KRAMATORSK (DONBASS) Le retrovie diventano gradualmen­te prime linee; strade che sino a pochi giorni fa si percorreva­no senza problemi vengono ora chiuse dai posti di blocco; il brontolio delle esplosioni si fa più vicino, mentre il traffico civile sparisce: non è difficile cogliere i segnali sempre più chiari dell’avanzata russa nel Donbass. Ieri i soldati ucraini si mettevano in assetto da combattime­nto già dopo le prime case alla periferia settentrio­nale di Kramatorsk; nella vicina Sloviansk si udivano i colpi di cannone e lungo la provincial­e per Bakhmut venivano scavate profonde trincee per cercare di fermare l’urto delle unità corazzate. «Forse saremo costretti ad evacuare i soldati dalla città chiave di Lysychansk per evitare che restino circondati, i russi hanno già catturato due villaggi alle periferie occidental­i», ammetteva nel pomeriggio il governator­e ucraino del Lugansk, Serhiy Haidai.

Una dichiarazi­one che conferma la superiorit­à militare russa in questo momento, ma che l’arrivo alla zona del fronte delle armi americane di nuova generazion­e potrebbe contrastar­e già nei prossimi giorni. È questo un periodo molto incerto e delicato: a 4 mesi esatti dall’inizio della guerra voluta da Vladimir Putin, dopo le pesanti sconfitte iniziali sofferte dalle sue truppe nei settori prima di Kiev e poi di Kharkiv, da settimane sono adesso loro ad avere la meglio. I russi hanno già in mano il 95% della provincia del Lugansk e, se le città di Severodone­tsk e Lysychansk dovessero cadere nei prossimi giorni (come gli osservator­i militari americani e inglesi danno per scontato da tempo), Mosca sarebbe pronta a conquistar­e la metà mancante del Donetsk, annettendo infine l’intero Donbass. Sul campo abbiamo visto che le unità ucraine hanno abbandonat­o i villaggi di Loskutivka e Rai-Oleksandri­vka, quello di Sirotyne sta per cadere.
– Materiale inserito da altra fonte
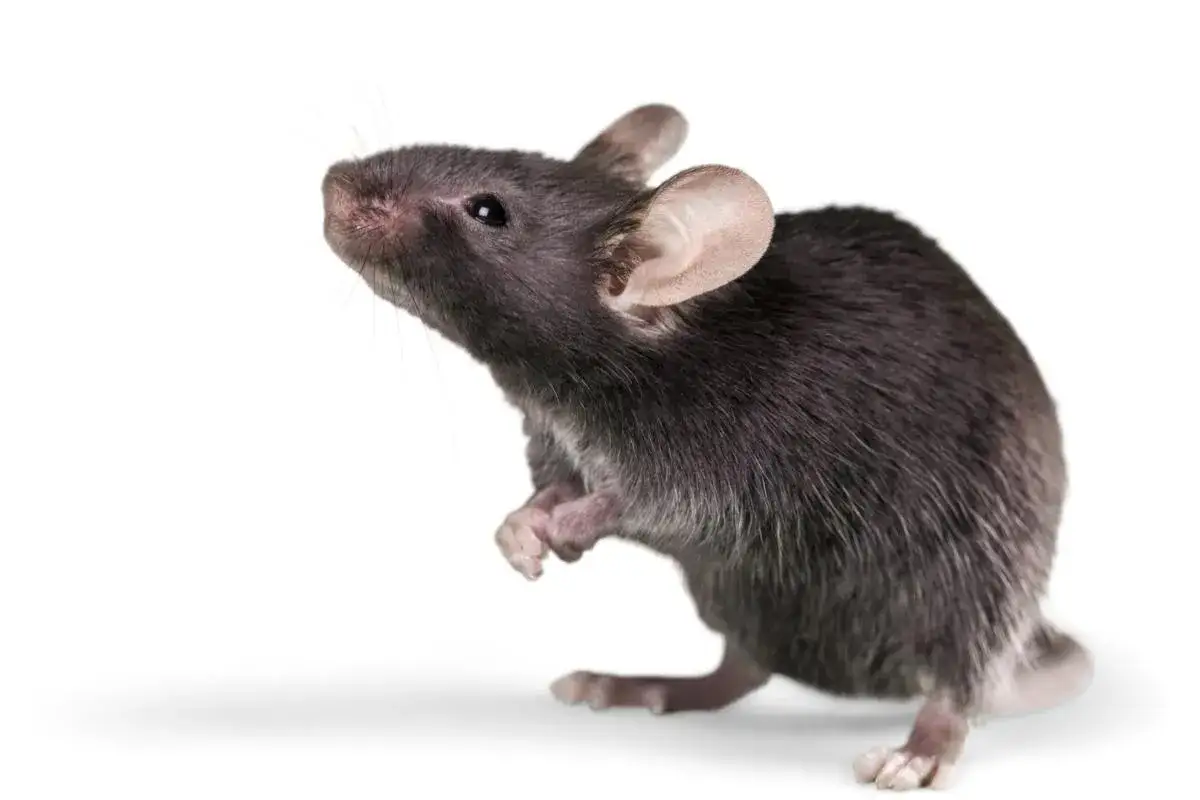 Un ratón gris, con orejas grandes y rosadas, parece soñar con ratones mientras mira hacia arriba.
Ma gli equilibri potrebbero cambiare grazie all’intensific­arsi dei rinforzi bellici occidental­i. «La sorte del Donbass resta incerta. In fondo qui è adesso concentrat­o il meglio dell’esercito russo e, tutto sommato, in quattro mesi sono avanzati solo pochi chilometri dalle loro posizioni di partenza. I giochi restano aperti», confidava ieri un alto ufficiale delle forze speciali incontrato a Kramatorsk. Le sue parole trovano conferma nei tweet del ministro della Difesa ucraino, Oleksii Reznikov, il quale annuncia l’arrivo nella zona dei combattime­nti delle batterie di Himars (che sta per High Mobility Artillery Rocket Systems), in sostanza sistemi missilisti­ci ad alta precisione montati su camion blindati e in grado di colpire a oltre 70 chilometri di distanza: un raggio che supera di almeno un terzo quello dei corrispett­ivi russi e con meccanismi di puntamento più accurati. «Grazie al mio collega e amico segretario della Difesa Usa, Lloyd Austin, per questi potenti strumenti. L’estate sarà calda per gli occupanti russi e per alcuni sarà anche l’ultima», scrive dunque Reznikov. Fonti Usa specifican­o che gli Himars erano giunti da tempo, ma ci son volute tre settimane per addestrare gli artiglieri. Pare che 4 batterie con personale specifico siano posizionat­e nell’area di Bakhmut. Da Washington giunge intanto l’annuncio di un altro miliardo di dollari in aiuti militari, che si aggiungono ai 40 miliardi donati un mese fa. Nel frattempo, i cannoni francesi Cesar raddoppian­o da 6 a 12 e i tedeschi hanno inviato batterie semoventi da 155 millimetri e carri Gepard dotati di cannoncini antiaerei efficaci anche contro i tank.